EN/GLOBE, le projet le plus récent de Marie-Eve Morissette [membre étudiante, UQAC_NAD] est une installation immersive et interactive qui révèle un espace d’exploration et vise à susciter une prise de conscience des perceptions sensorielles sur les plans visuels, tactiles, auditifs et olfactifs. Composée de trois sphères uniques, l’œuvre invite le public à s’y introduire afin de ressentir une expérience singulière dans chacune d’entre elles. L’œuvre agit comme interface entre les intentions de l’artiste et l’expérience du public, qui demeure libre d’en tirer sa propre interprétation et élaborer sa propre narration. L’œuvre se présente comme un système multimodale interactif favorisant l’expression de soi. 

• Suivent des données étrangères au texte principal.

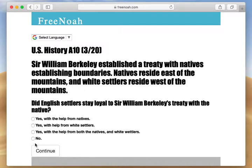Looking into the future — if you have massive migration coming into Virginia and you need space, especially under the headright system where if they work for seven to ten years and pay off their indentured servitude, they are entitled to grants of land. These people are going to want their land after working for so long. So eventually, this treaty became violated and the local natives get pushed further west.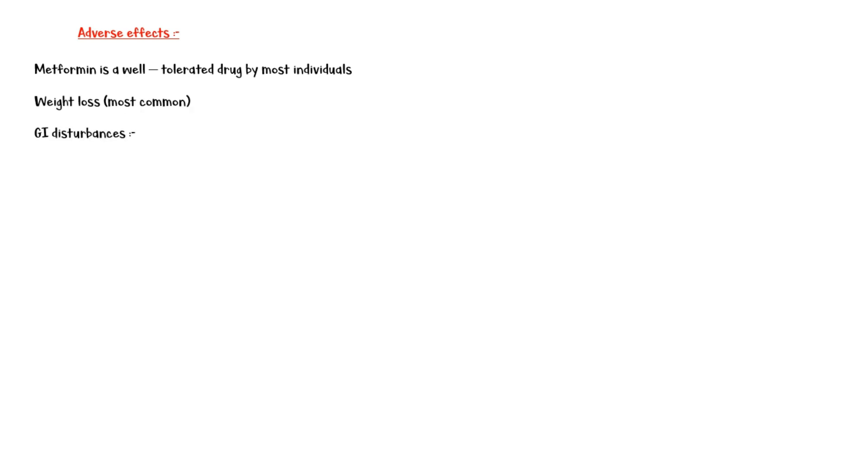Gastrointestinal disturbances such as abdominal discomfort, nausea and vomiting, and diarrhea may occur in some individuals. In addition, anorexia and metallic taste are some other adverse effects.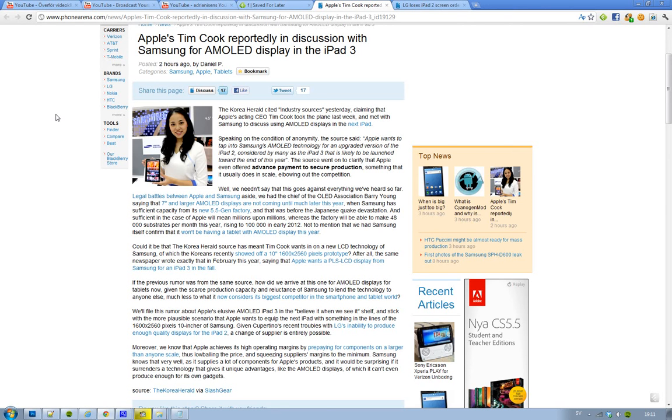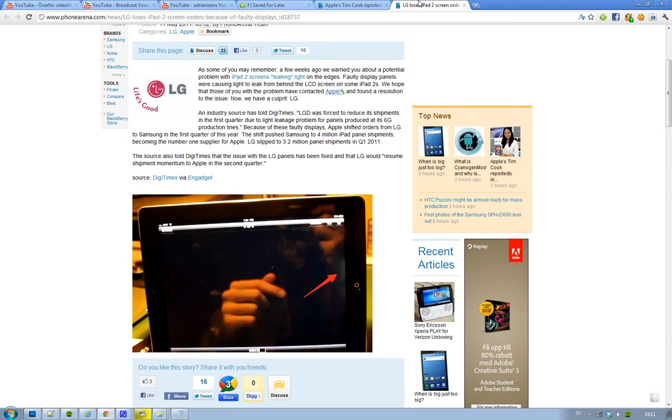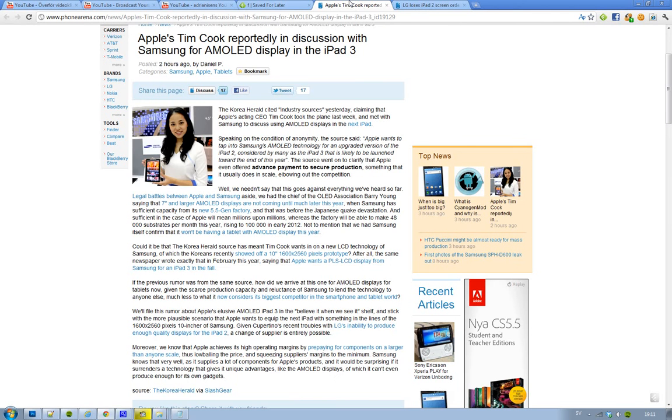And it's LG that produced those screens, and actually Apple have had some problems with LG when they were producing these iPad 2 screens. As you can see they are leaking light. So LG had to reproduce it. If Apple would change supplier from LG to Samsung, that is very much possible because Apple don't want to work with people that can't produce quality displays.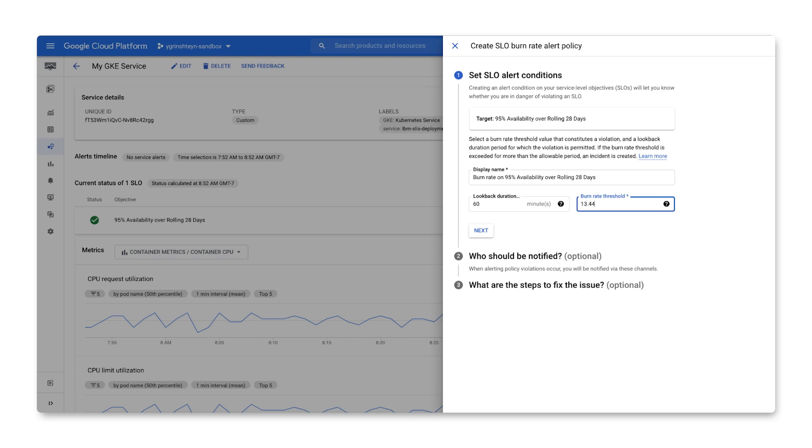For a slow burn alert that'll fire if 5% of error budget is burned over 6 hours, set the lookback duration to 360 minutes, and the burn rate to 6.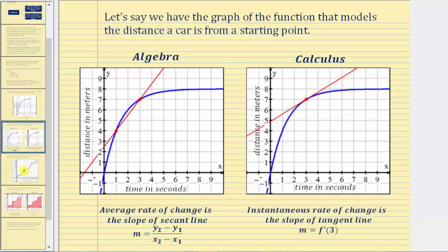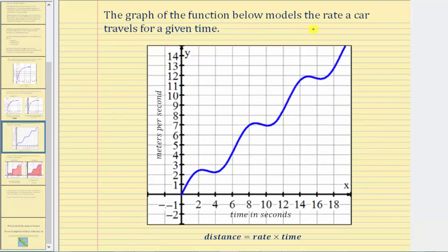Now let's look at a second example. Here we have a graph of a function that models the rate a car travels over time, with time in seconds along the horizontal axis and rate in meters per second along the vertical axis. The rate alternates from increasing to decreasing over different intervals. In this case, if we're concerned about the total distance traveled, since distance equals rate times time, the area under this curve and above the x-axis over a given interval of time gives us the total distance traveled.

L’œuvre a été réalisée lors d’une résidence à Hexagram du 2 au 13 octobre 2023 et fut présentée au public le 10 octobre lors d’un finissage. Durant la résidence, le public était également invité à venir voir l’œuvre en développement ainsi que discuter des enjeux conceptuels, techniques, narratifs et de son expérience. Cette installation constitue la phase deux d’un projet de recherche-création visant à évaluer la fécondité d’une approche inusitée des interfaces basée sur la rencontre. La méthode reprend les principes de la soma-esthétique qui est une approche théorique et pratique développée par Richard Shusterman1. La soma-esthétique se définit succinctement « comme l’étude critique et la culture méliorative de notre expérience et de notre usage du corps vivant (sôma) en tant que site d’appréciation sensorielle (aisthèsis) et de façonnement créateur de soi » (Shusterman, 2010, p.15). Elle s’intéresse également aux discours et aux savoir structurant du soma en tant que philosophie pratique et incarnée (Shusterman, 2007, p.32-33). « Elle permet en effet de rendre compte de l’expérience [de l’interacteur.trice] se mettant en relation avec l’œuvre d’art et du monde que cette dernière porte avec elle » (Formis, 2009, p.156). Cette approche contribue à tisser des liens entre l’analyse et la pratique. Elle instaure une prise de conscience dépassant l’état subjectif où le corps est à la fois objet d’observation et de compréhension des perceptions sensorielles, proprioceptives et kinesthésiques.

L’oeuvre

L’installation se compose de trois sphères blanches en papier. Ces dômes légers d’environ 90 cm de diamètre suspendus au plafond servent de support aux projections vidéo. Dans ces sphères, divers mécanismes créent des sensations physiques, par exemple : un ventilateur propulse une brise douce, et diffuse une légère odeur de menthe poivrée, reconnue pour ses propriétés stimulantes qui avivent la mémoire et qui apaisent les nausées ; des excitateurs sonores (sound exciter) transforment la sphère en haut-parleurs et créent des effets de spatialisation du son ; et un servo moteur fait pivoter un disque recouvert de filaments souples qui caressent et entourent la tête. Les interacteurs.trices sont invité.e.s à passer la tête dans les dômes pour vivre une stimulation sensorielle variant d’une sphère à l’autre. Ces expériences, subtiles et singulières, sont propices à une prise de conscience dans l’immédiat à travers l’expérience corporelle (proprioceptive, kinesthésique) et sensorielle (tactile, auditive, visuelle, olfactive). D’autre part, l’œuvre se déploie dans l’espace et le temps : les dispositifs sensoriels provoquent des sons et des mouvements, et les sphères sont enveloppées de visuels génératifs qui évoluent de différentes manières en réponse aux interactions. C’est la conjugaison de l’installation avec le public sous la forme d’un environnement sensoriel qui constitue l’univers de l’œuvre. Son système et ses règles d’interaction s’écarte de la conception d’une interface en tant que contrôle pour aborder le paradigme de l’interface en tant que rencontre favorisant l’expression individuelle. 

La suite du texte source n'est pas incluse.